Where the Wild Things Are
Released December 3.
Where the Wild Things Are remakes Maurice Sendak’s beloved childhood picture book for a modern day single-parent generation: a young boy feeling alienated from his family and unloved, who journeys in his imagination to a place where he is allowed to physically express his emotions, a place where he belongs, a place where he is in control even – king of the Wild Things.
Spike Jonze has nailed the visuals and the spirit of the book; perhaps surprisingly (for a film that deals largely in puppets) it has also nailed the performances. The eight-or-so months spent making the costumes for the Wild Things result in detailed, lived-in concoctions of scales, feather and fur; the CGI facial expressions added in post production are perfectly synced with the pre-recorded voice work performed in ensemble by James Gandolfini, Forest Whittaker et al (which the costumed “performers” shaped their actions and interactions around). As a result, the Wild Things exude real personality, and their relationship with Max is both emotional and physical – none of this green screen business.
Newcomer Max Records is unselfconscious on screen, channelling the anger, frustration and inconsolable hurt of a six year old who just wants to be the centre of a tight family unit; who can’t understand why his mom is hanging out with a strange new man, or why his sister would rather hang out with her mates than play with him. In a moment of rage, Max finds himself transported to where the Wild Things are, where his new friends embody the emotions he finds so hard to repress – anger, apathy, mistrust, resentment, alienation.

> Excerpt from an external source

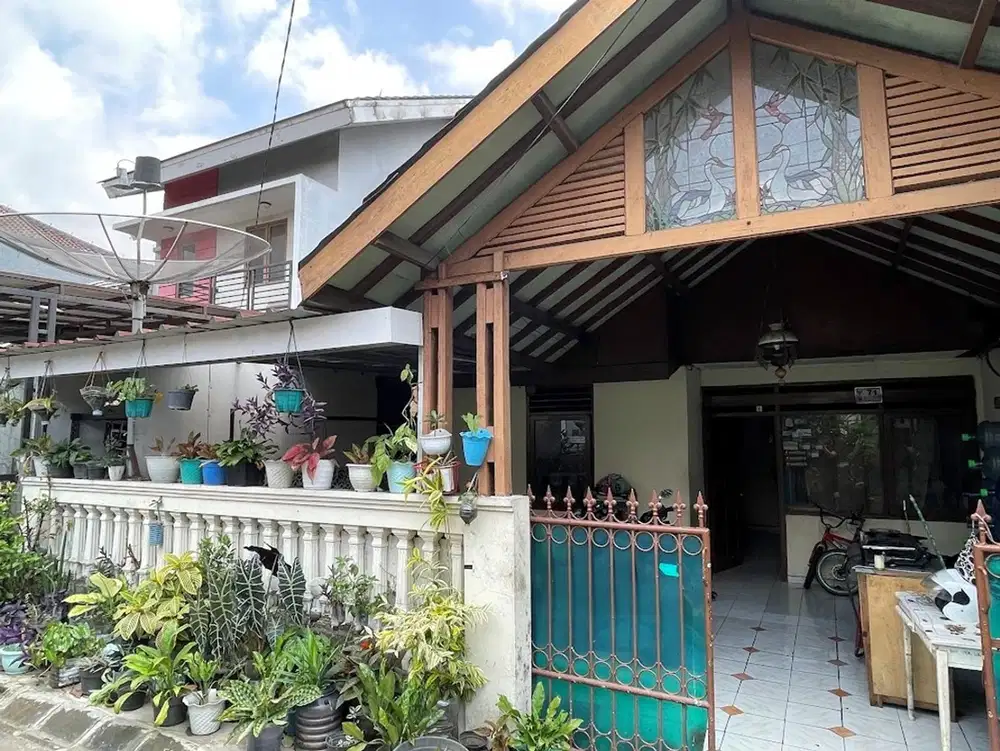 Jual Rumah Minimalis di Komplek Sapta Taruna 2 Dekat Blu Plaza J-20884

Hand held camera work for the action sequences is counterbalanced by some quite stunning wide shots, and Jonze uses evocative landscapes – a forest of trees blackened from bushfires; a gravelly wasteland; desert dunes. The soundtrack is largely comprised of the irrepressible can-do pop of Karen O (Yeah Yeah Yeahs) and “the kids”, with the occasional interlude by composer Carter Burwell, whose soundtracks for Being John Malkovich and Adaptation are so distinctive.